## [Study material]
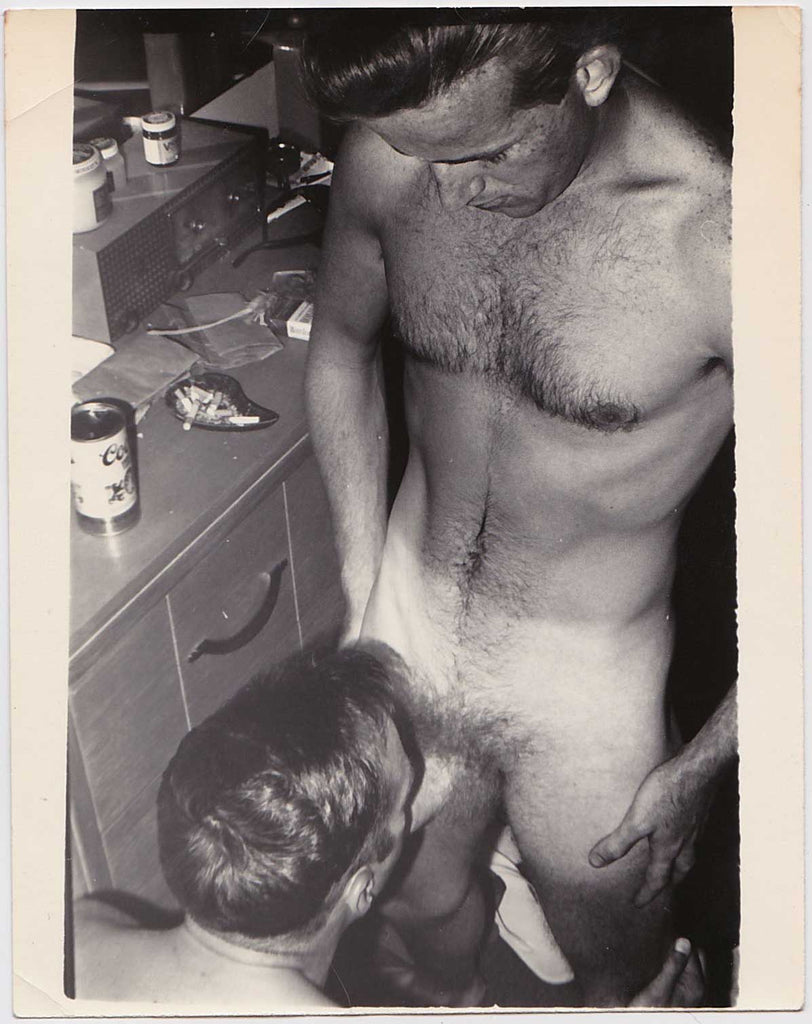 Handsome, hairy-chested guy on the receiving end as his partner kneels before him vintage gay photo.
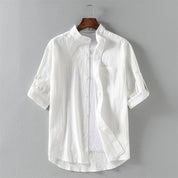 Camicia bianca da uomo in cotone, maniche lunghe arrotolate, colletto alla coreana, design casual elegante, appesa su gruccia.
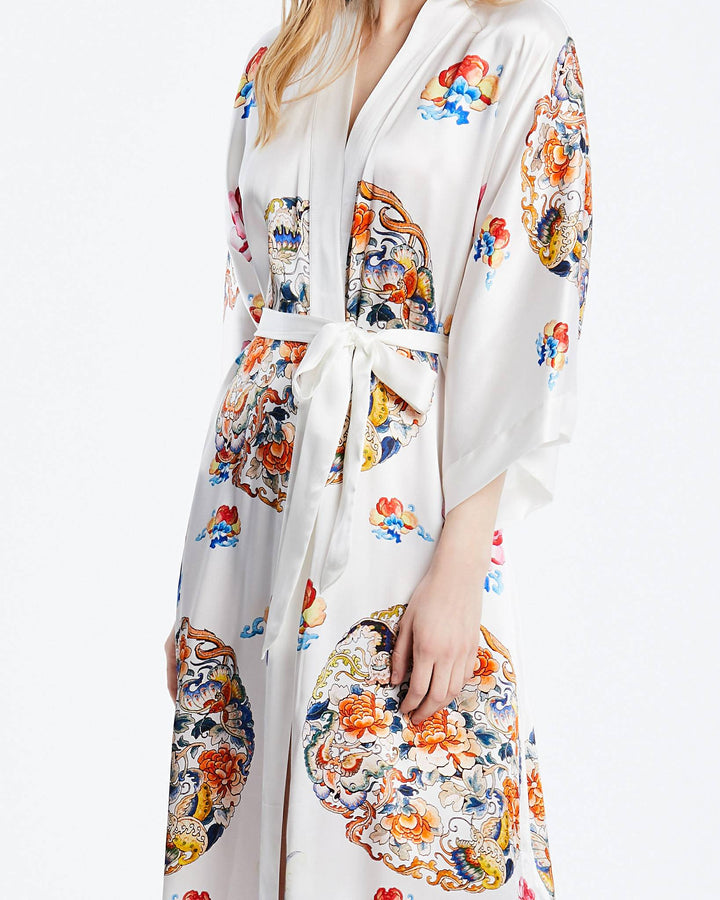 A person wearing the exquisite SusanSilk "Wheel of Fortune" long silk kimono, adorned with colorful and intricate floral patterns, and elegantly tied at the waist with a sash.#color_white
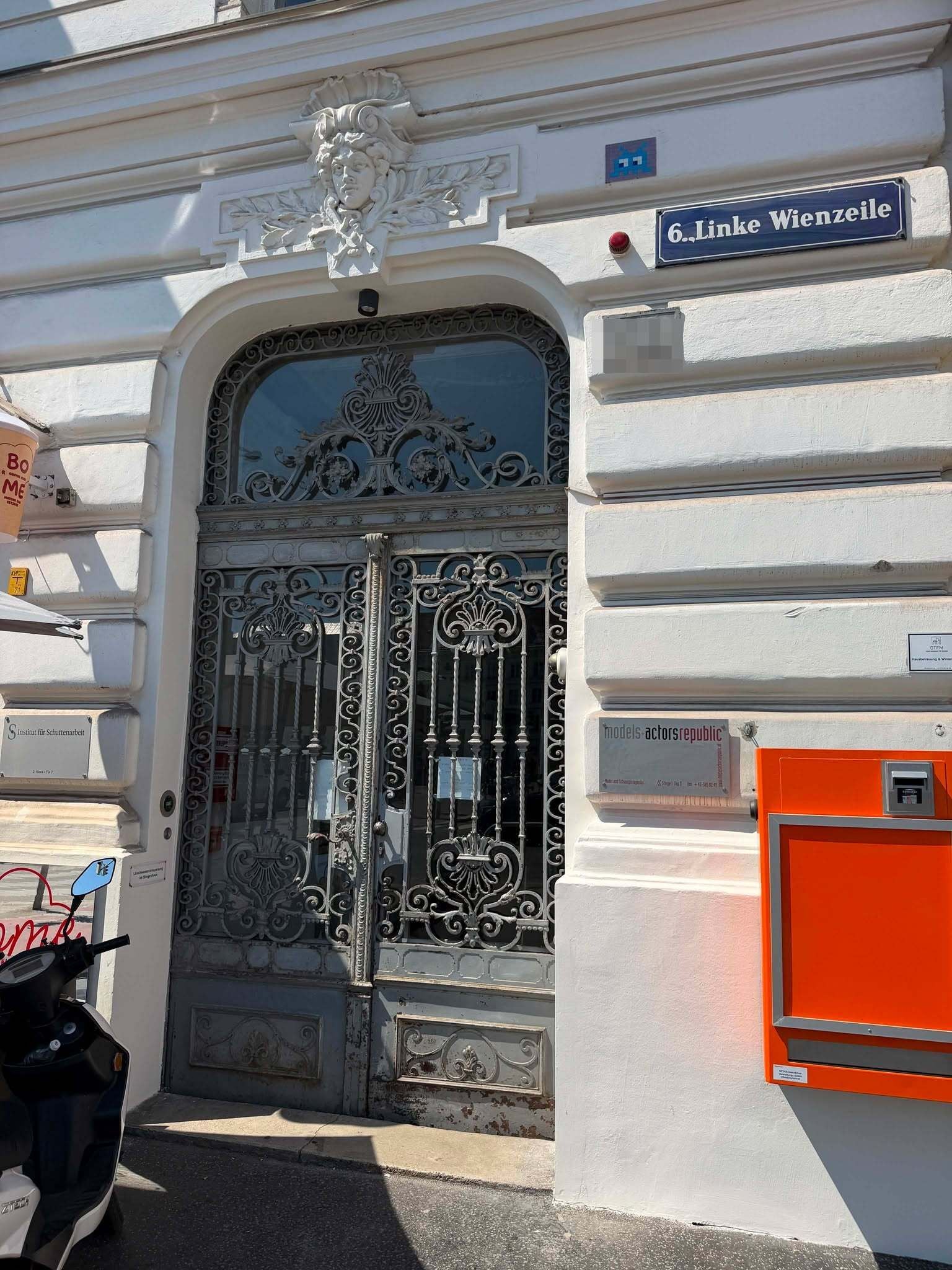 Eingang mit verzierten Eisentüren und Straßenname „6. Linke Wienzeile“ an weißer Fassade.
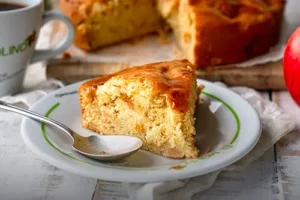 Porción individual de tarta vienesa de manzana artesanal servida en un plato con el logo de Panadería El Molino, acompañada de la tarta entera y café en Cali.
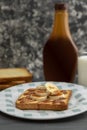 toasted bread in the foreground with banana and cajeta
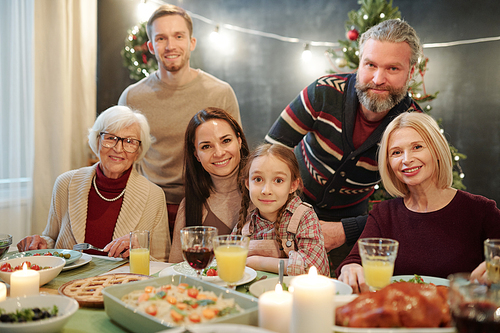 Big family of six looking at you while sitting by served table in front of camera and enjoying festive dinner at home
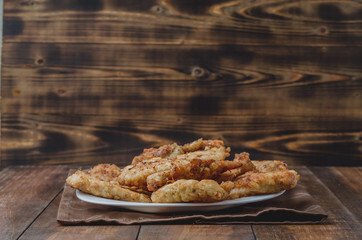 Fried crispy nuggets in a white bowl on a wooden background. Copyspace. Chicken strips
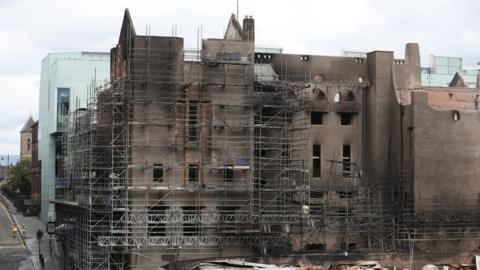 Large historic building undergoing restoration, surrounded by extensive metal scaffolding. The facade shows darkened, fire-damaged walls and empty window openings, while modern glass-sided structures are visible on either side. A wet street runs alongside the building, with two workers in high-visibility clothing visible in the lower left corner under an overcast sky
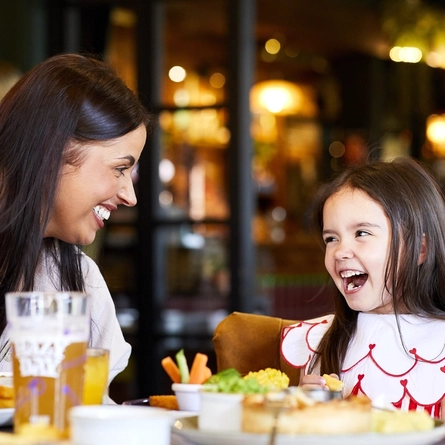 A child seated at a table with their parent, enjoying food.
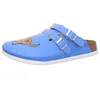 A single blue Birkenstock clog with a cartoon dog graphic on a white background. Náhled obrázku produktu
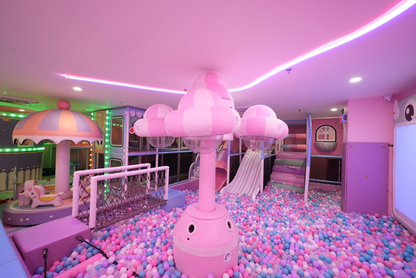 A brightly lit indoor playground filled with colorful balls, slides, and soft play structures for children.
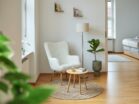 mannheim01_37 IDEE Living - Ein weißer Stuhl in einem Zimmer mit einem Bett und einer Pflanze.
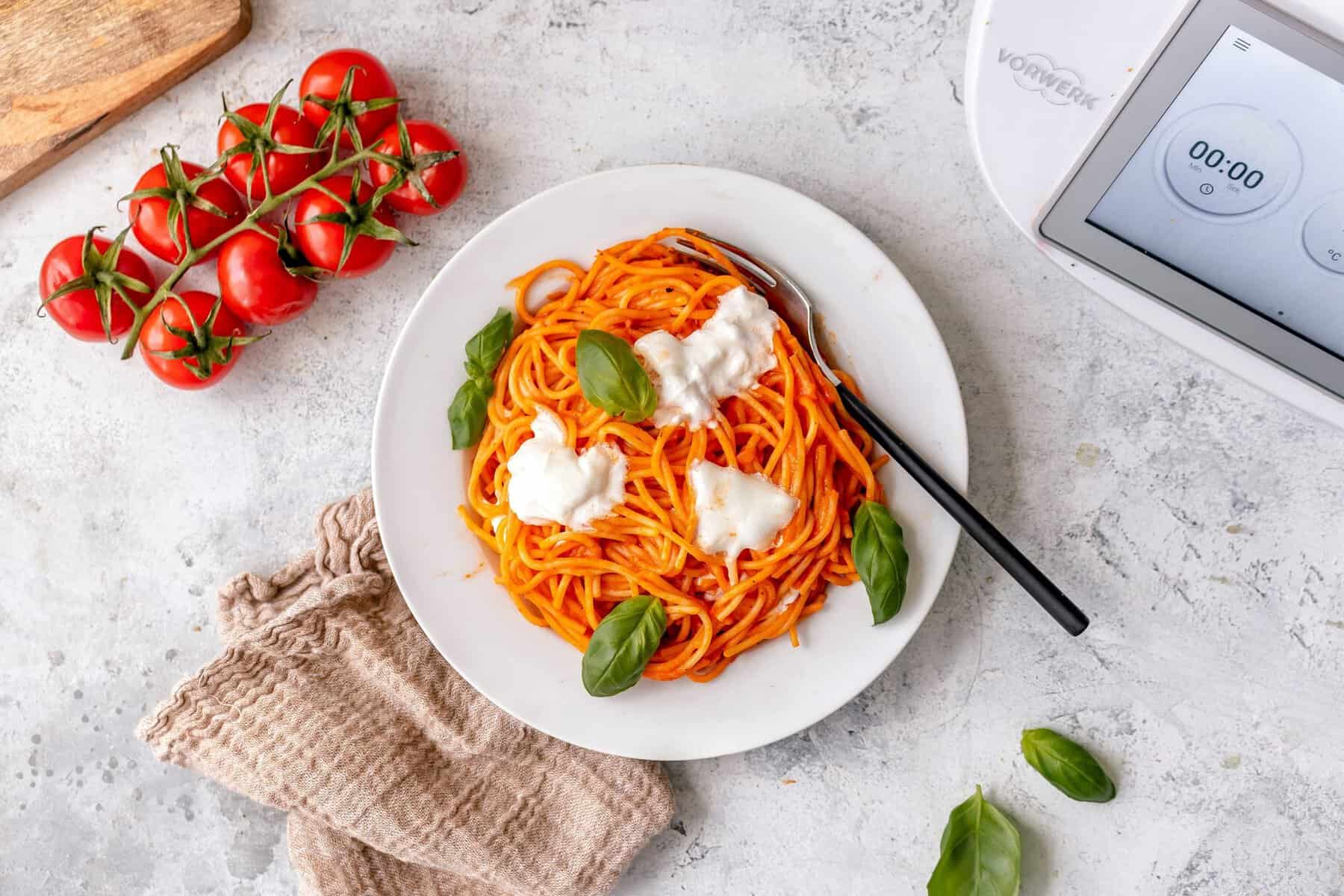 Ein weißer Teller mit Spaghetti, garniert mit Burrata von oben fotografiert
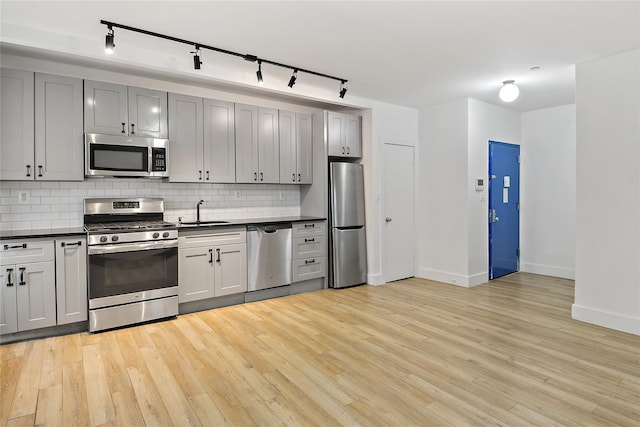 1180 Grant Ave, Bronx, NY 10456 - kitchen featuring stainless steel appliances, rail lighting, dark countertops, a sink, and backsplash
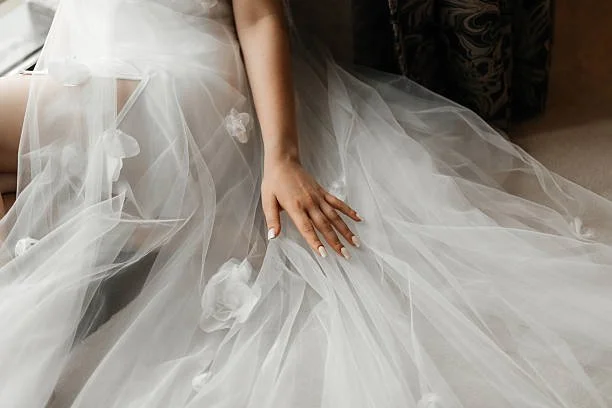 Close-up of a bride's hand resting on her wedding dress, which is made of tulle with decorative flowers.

## [Exercise goal]
Transcribe word for word only the lines from the one with "A child seated" through the end of the listing; every picture is to be omitted.

## [Completed exercise]
 A child seated at a table with their parent, enjoying food.
 A single blue Birkenstock clog with a cartoon dog graphic on a white background. Náhled obrázku produktu
 A brightly lit indoor playground filled with colorful balls, slides, and soft play structures for children.
 mannheim01_37 IDEE Living - Ein weißer Stuhl in einem Zimmer mit einem Bett und einer Pflanze.
 Ein weißer Teller mit Spaghetti, garniert mit Burrata von oben fotografiert
 1180 Grant Ave, Bronx, NY 10456 - kitchen featuring stainless steel appliances, rail lighting, dark countertops, a sink, and backsplash
 Close-up of a bride's hand resting on her wedding dress, which is made of tulle with decorative flowers.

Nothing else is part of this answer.